Posted by PaulWilson | 4 comment(s)

.NET GC is Excellent -- Better Than Java

I've received a couple of emails lately due to my postings where I've apparently made some people worried about .NET.  I want to make it very clear that I am very very impressed with the .NET Garbage Collector -- there is no need to be “worried”.  I've built enough systems, both before .NET and with .NET, to have experienced the blessings of the .NET GC -- they are real.  I have yet to build an application in .NET that leaked any memory in the old sense that it was not even reclaimable after the app was terminated, except in cases where a 3rd party control had leaks due to unmanaged code.  Yes, there are a few cases I've seen where .NET will leak memory, but only in the newer sense that your application's footprint keeps growing while it is still running -- it was always freed upon termination which means the GC did work.  Its also possible to have these types of leaks in your own code -- we found one ourselves today where we had an object chain that included an object that was included in a static collection.  I've also been very frustrated that the experts, including Microsoft people, have made simplistic statements that are just wrong in some cases -- one person that emailed me told me that the MS consultants at his site assured him that I was wrong about setting objects to null.  I'm also very frustrated that we actually have to keep refinding the leaks in the framework that have been found before, but which Microsoft still does not list anywhere on their own site -- not even in the partner level KB that I have access to as an MVP.  But none of this means that the .NET Garbage Collector is flawed -- its not -- it works very well, although it makes some assumptions that we developers need to understand so that we can work with it, or even help it in some cases.  Its also true that GC in general is lazy, so there are probably some systems that should not be based on such systems, although those are probably few and far between (although maybe I have one).

Now I also titled this post “Better Than Java” -- why?  I also had a couple of people email me that Java didn't have these problems -- specifically they said they didn't have to worry about Dispose methods, or setting objects to null, or even memory leaks of any kind!  Well all I can say is that anyone making such claims is living in a fantasy world, and is hopefully only writing small department applications instead of large enterprise systems.  Its actually quite easy to google on things like Garbage Collect, leak, Dispose, null, or other similar terms, along with Java, and find all sorts of similar issues that Java has.  Neither Java nor .NET developers “need” to set objects to null, but both have situations where it can help.  Java also has leaks in some of its framework, and its possible for Java developers to create their own, just like .NET -- they also go away when the application is terminated.  As for the Dispose method, I learned that this pattern is commonly used and accepted as necessary in Java, but it was never officially made part of Java itself, which is one place .NET is actually better since they learned from Java's experience.  Many Java frameworks do have the dispose method, but its simply not defined in Java itself, so you can imagine there are lots of lesser experienced developers that don't realize how important it is.  To me this just underscores the importance of calling Dispose when its defined, whether we think it does anything or not -- it was added for a reason and Java is severely lacking it as a standard.  Another place where .NET is better than Java, as far as the GC is concerned, is that .NET defines the basics of the GC once and for all, even though various implementations (Rotor, Mono, DotGnu) of the framework might have slightly different internal implementations of the GC.  Java doesn't have any GC standard at all -- it simply says that it should be garbage collected -- which makes it rather difficult to properly understand or help the GC in memory critical systems -- so much for cross platform.

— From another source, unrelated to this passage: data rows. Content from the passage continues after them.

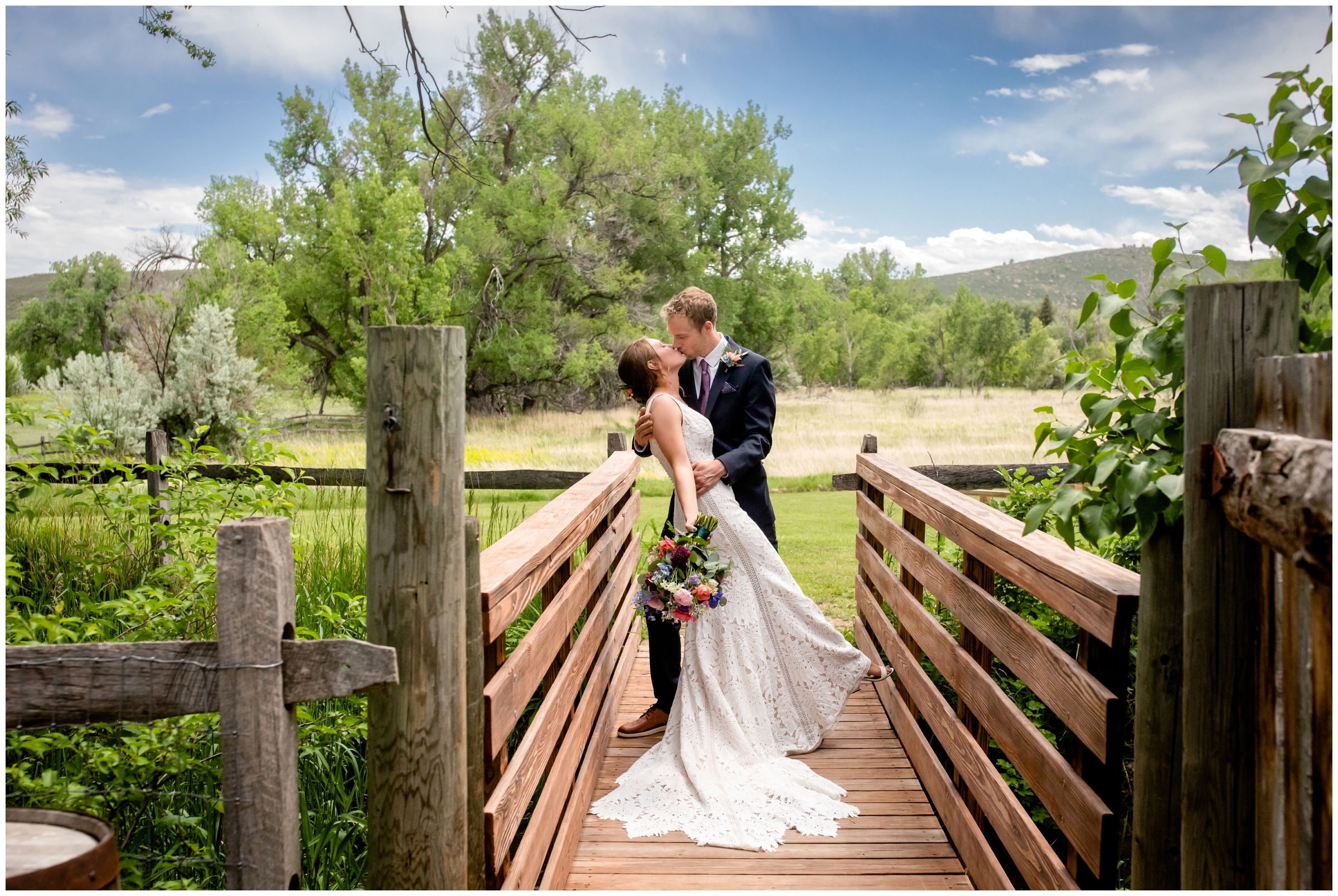 groom dipping bride on wooden bridge during summer wedding at Rist Canyon Inn in Fort Collins Colorado 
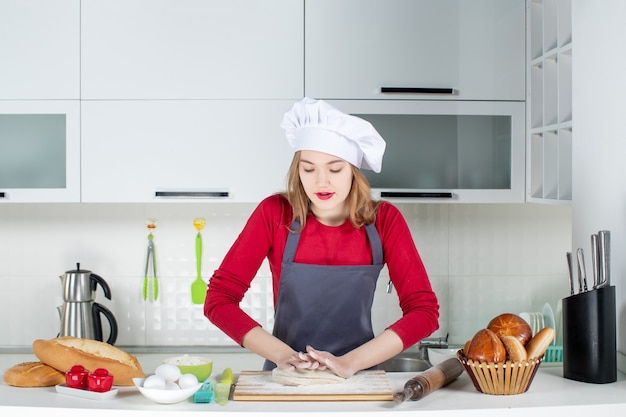 Mulher jovem com chapéu e avental de cozinheira amassando massa na cozinha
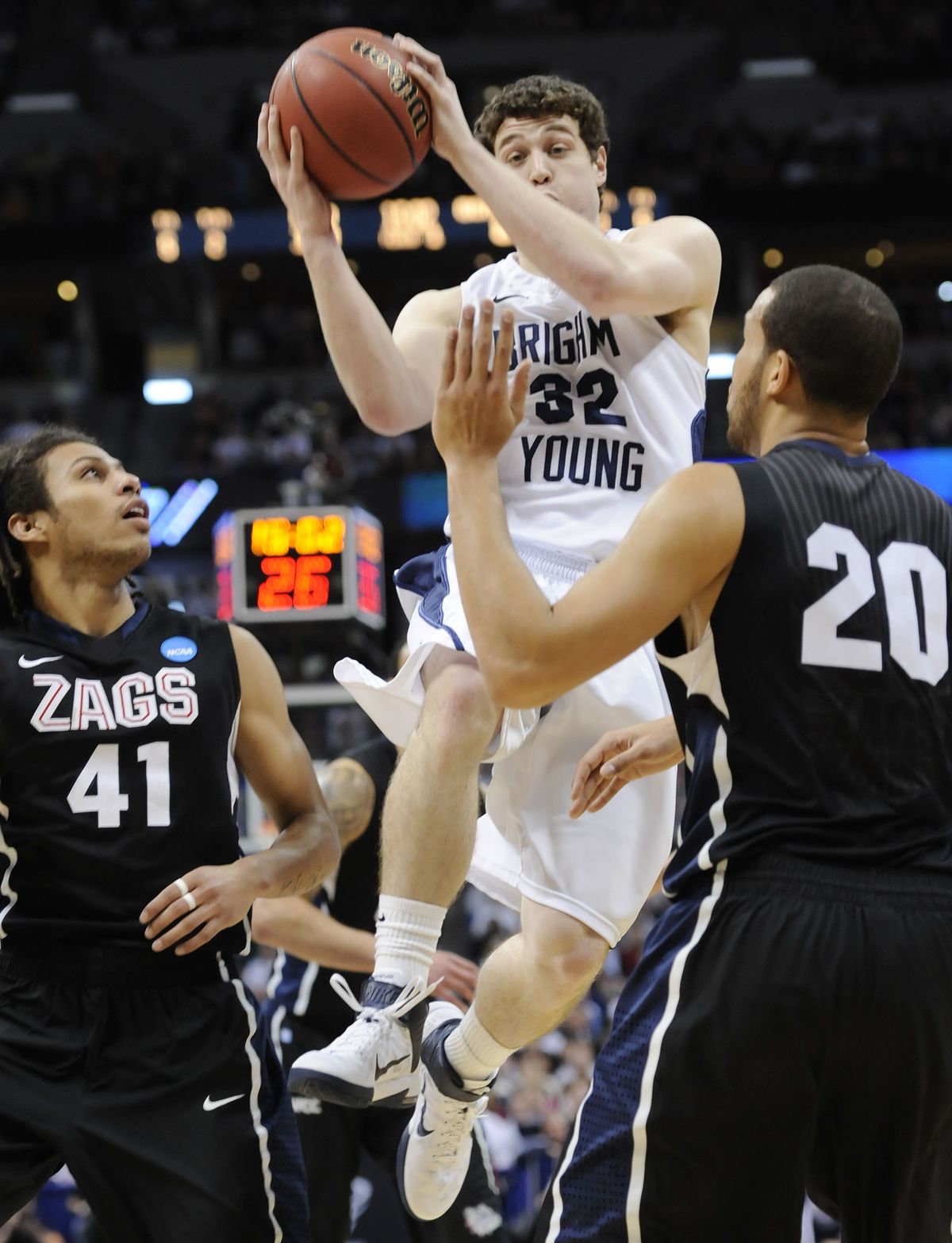 BYU guard Jimmer Fredette (32) goes up for a shot against Gonzaga guard Steven Gray (41) and Gonzaga forward Elias Harris (20) in the first half of a Southeast regional third round NCAA tournament college basketball game, Saturday, March 19, 2011, in Denver. (Jack Dempsey / Associated Press)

So please understand that I may point out issues and concerns and frustrations with .NET and its GC, but that should not be taken as a condemnation.  It simply reflects that we need to understand more about the GC and the other internals of the framework we use in order to develop anything but the smallest of apps.  And don't even mention my posts as a reason to use Java -- that's ridiculous.

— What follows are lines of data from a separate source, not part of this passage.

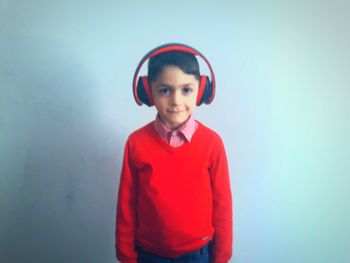 Portrait of boy standing against blue sky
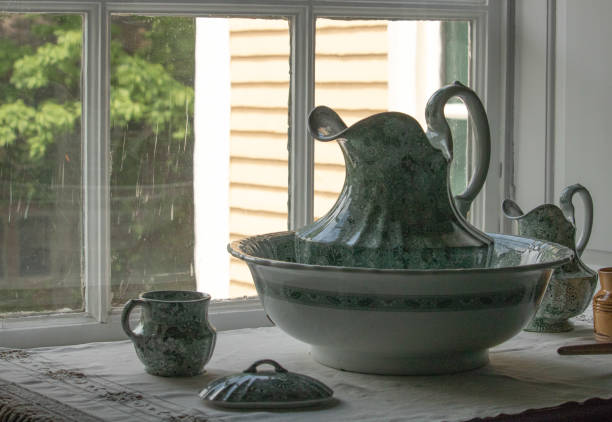Antique pitcher and bowl from 1800s sitting on washstand, romantic vintage Victorian elegance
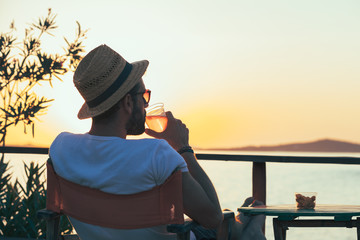 Young man enjoying sunset at a beach bar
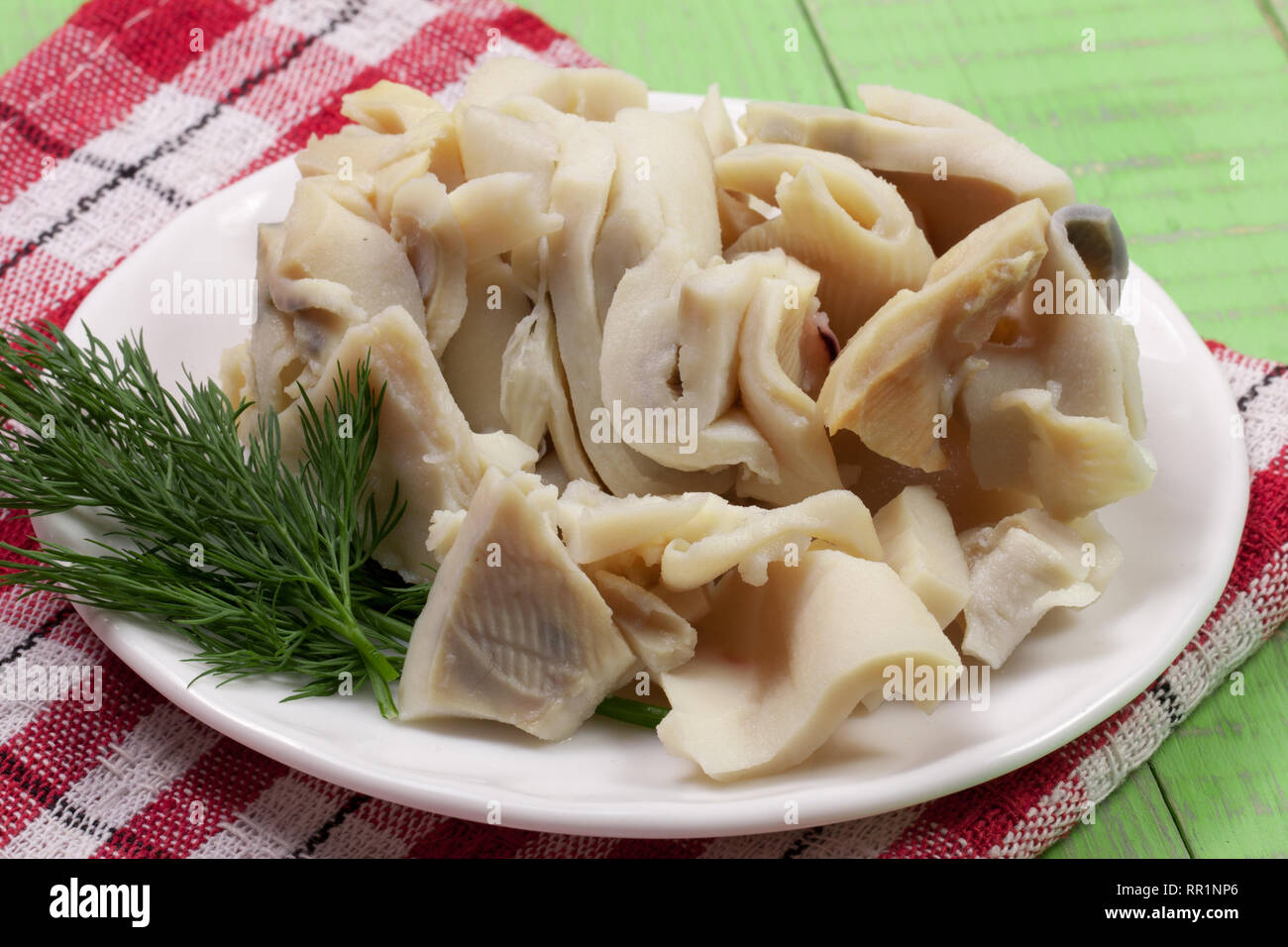 In Scheiben geschnitten Kalmar auf einer Platte auf einem grünen Holz- Hintergrund Stockfoto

Posted by PaulWilson | 3 comment(s)

.NET GC Best Practice -- ALWAYS Call Dispose

Its very common practice to not call Dispose on a lot of .NET objects, like DataSets or SqlCommands for instance.  There's even been several discussion on these blogs about the best practices in some of these cases.  The problem is that many of us “know” that calling Dispose on some objects actually does nothing underneath -- it simply exists due to an inheritance chain that included the IDisposable interface.  So many experts (myself included) have gotten in the habit of writing the most “efficient” code, which often means the fewest lines necessary.  So why call Dispose if we know it does not do anything?  As my colleague Doug Ware pointed out to me, this assumes some internal knowledge that should not be relied upon and which technically could even change in the future.  Instead, we should remember that the IDisposable pattern was implemented for a reason in general, and so we should follow it or risk being in error at some point.  In other words, what's the harm in writing this extra line of code that “might” have significant reasons for existing.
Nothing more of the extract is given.